On a far smaller scale, the 1953, black-and-white, Hollywood "Titanic" proves quite entertaining. Known for lush soapers like "Three Coins in the Fountain," director Jean Negulesco crafted a well-paced and beautifully appointed film, and was fortunate to have had a superb cast at his disposal.
The main storyline concerns the troubled marriage of passenger played by Barbara Stanwyck, who acquits herself ably. Throughout her lengthy career, she never delivered a lackluster performance, although this is hardly one of her stellar roles.
Clifton Webb tries unsuccessfully to butch it up as the supercilious husband who exhibits uncharacteristic valor in the finale. Audrey Dalton is a veritable iceberg as their frigid daughter, who is warmed by the love of beautiful Robert Wagner, no stranger to fatal ocean voyages.

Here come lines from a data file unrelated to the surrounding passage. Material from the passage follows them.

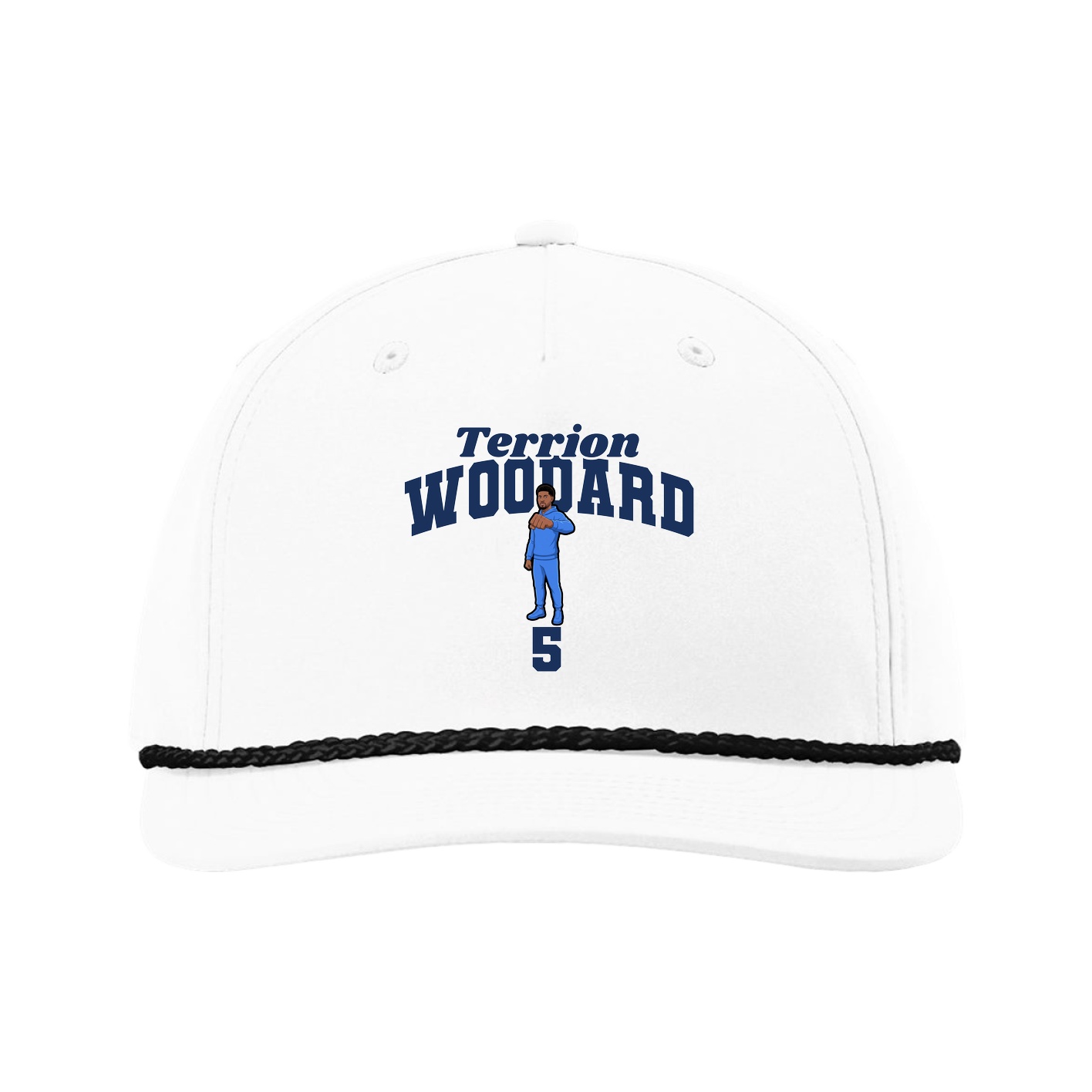 Five-Panel Classic Rope Cap — Signature Arch in White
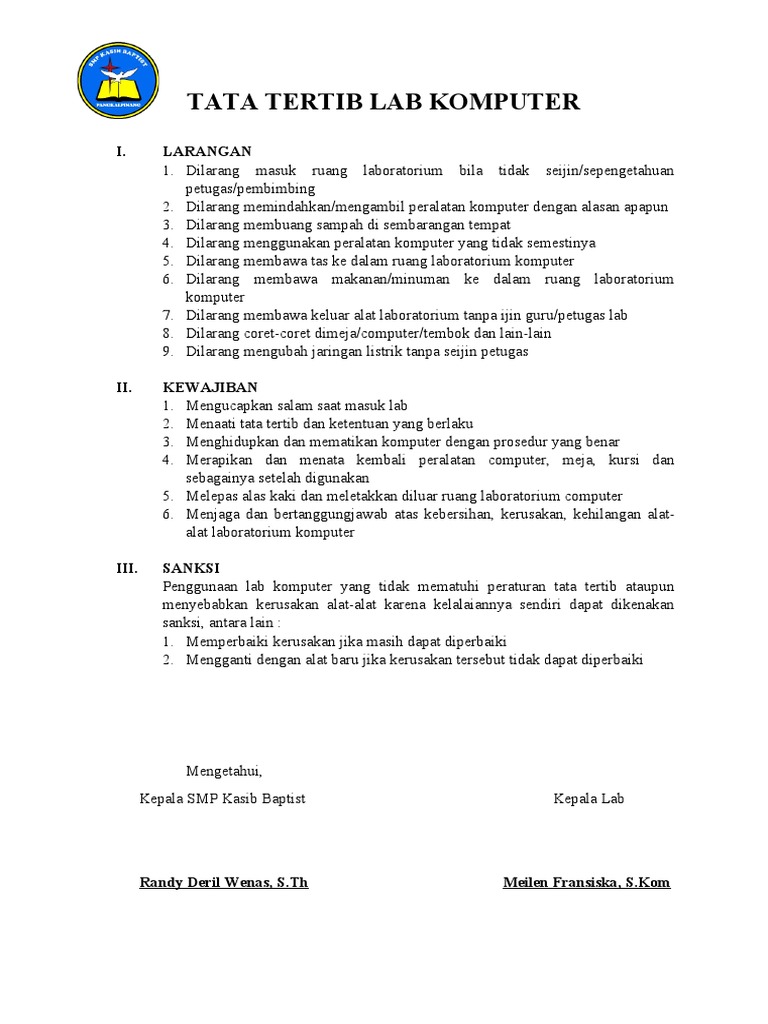 Tata Tertib Lab Komputer PDF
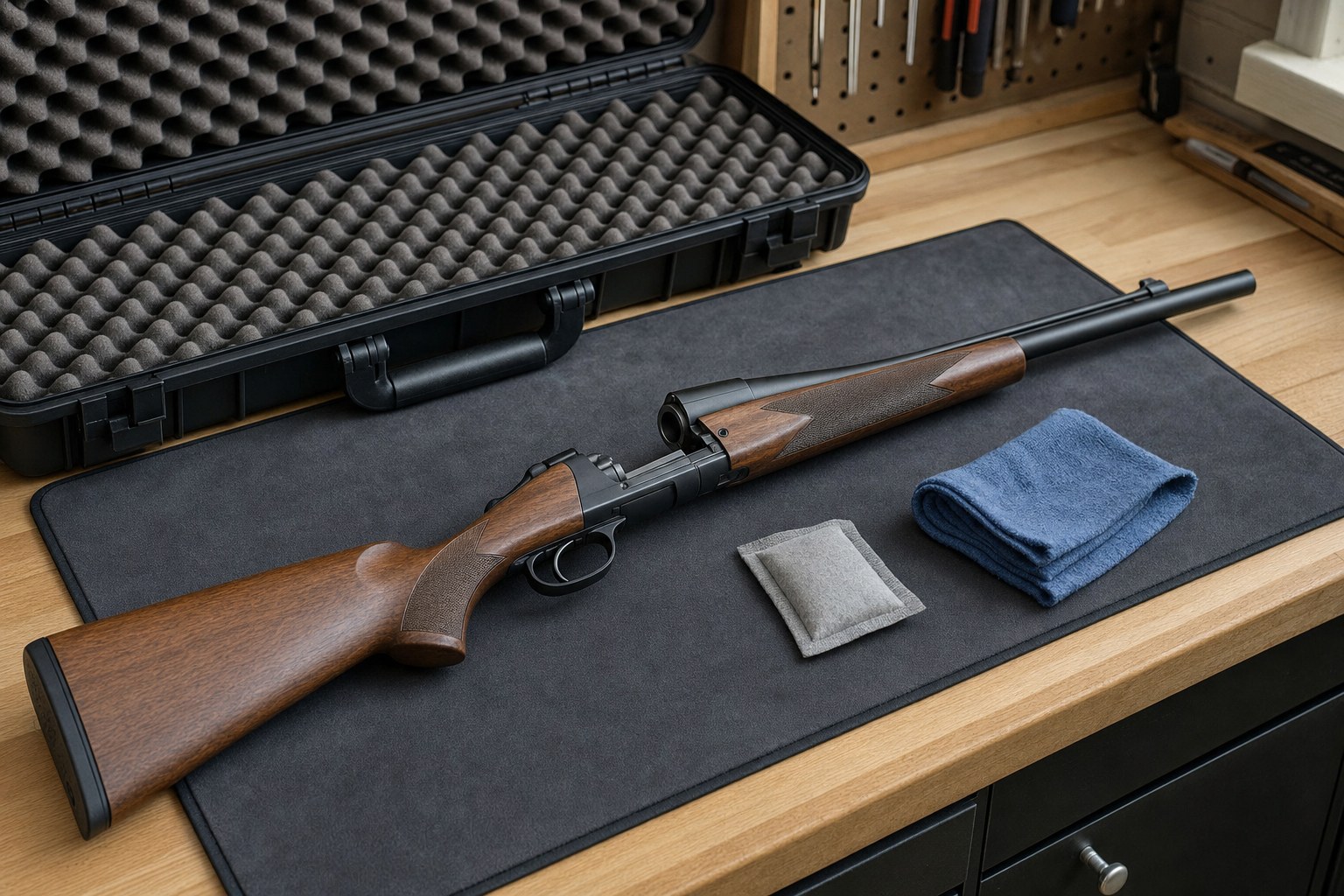 Safely unloaded long gun with open action beside a storage case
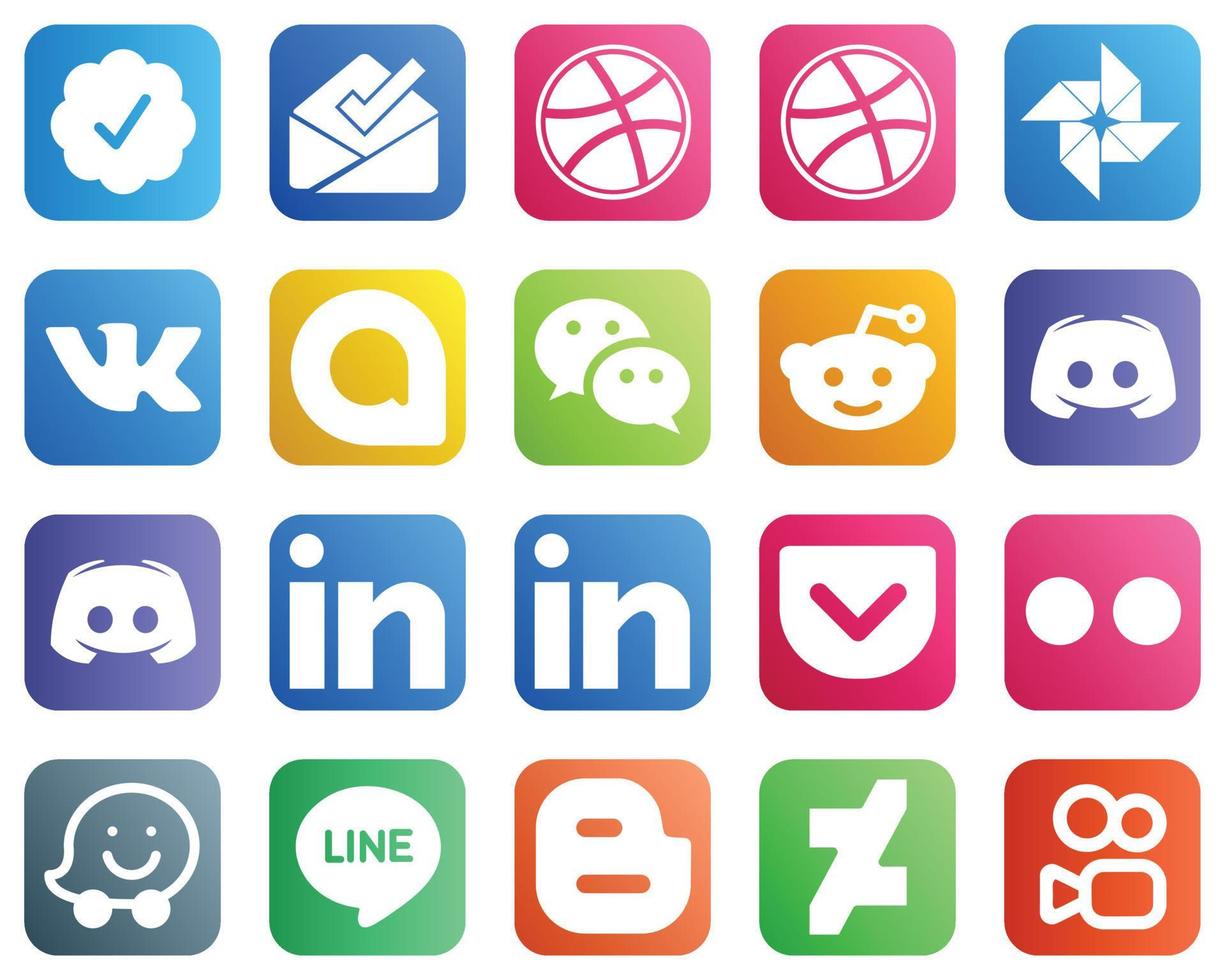 20 ícones de mídia social para o seu negócio, como o yahoo. bolso. reddit e ícones profissionais. personalizável e único vetor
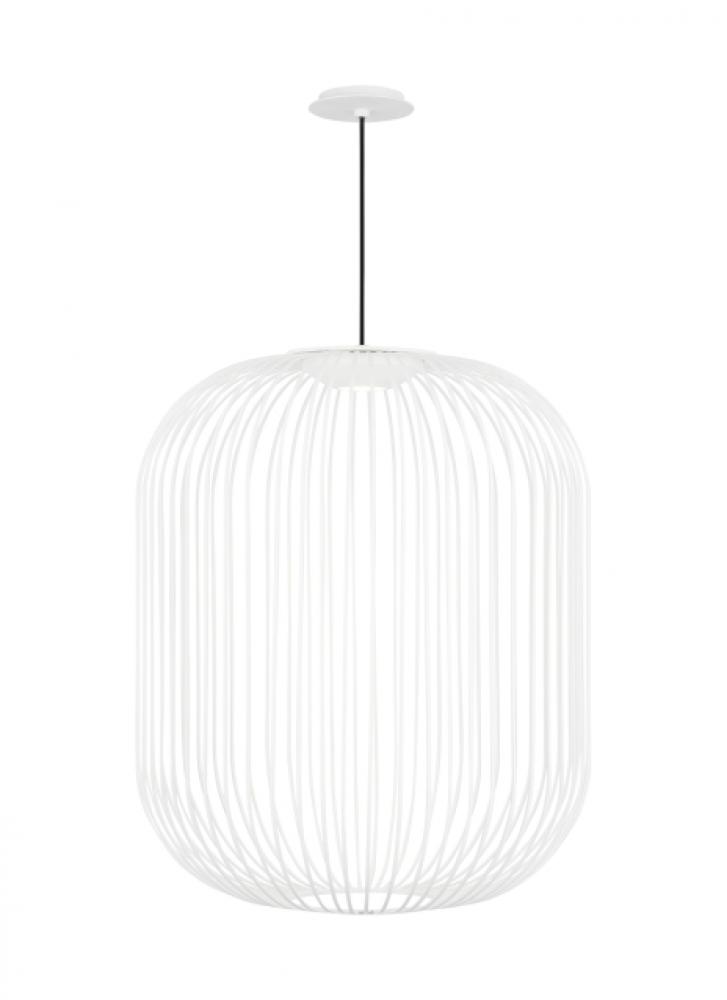 Kai dimmable LED Modern 2-Light Ceiling Pendant in a Matte White finish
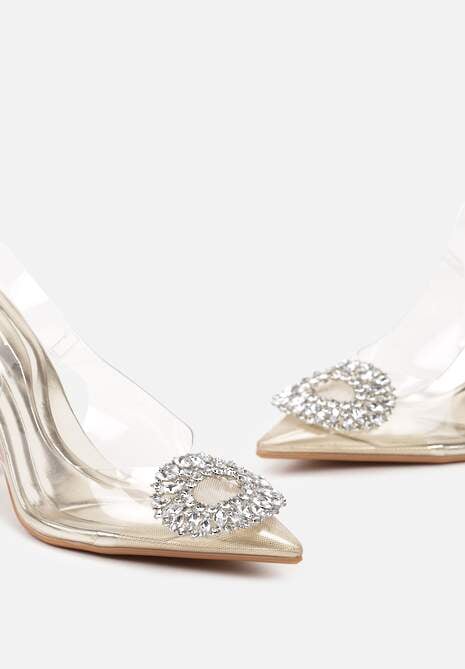 Złote Czółenka z Odkrytą Piętą i Transparentną Cholewką oraz Cyrkoniami Navieria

Brian Aherne is the noble ship captain, Edmund Purdom his loyal chief officer, and brassy Thelma Ritter adds some spice as a plucky Molly Brown-like character. For the period, the special effects are quite striking and realistic. Although obviously sentimental, the close of the film successfully avoids being maudlin.
Having been available on both VHS tape and DVD, "Titanic" is making its maiden voyage on Blu-ray. 20th Century Fox ’s new release features respectable, if not exceptional picture quality. The high-definition engineering provides a slight improvement over the DVD.
The special features are minimal, and include some miscellaneous trailers, a newsreel of the premiere, and a brief audio essay by historian Sylvia Stoddard. The most worthwhile extra is the audio commentary, in which Stoddard is joined by cinematographer Michael D. Lonzo, as well as cast members Dalton and Wagner.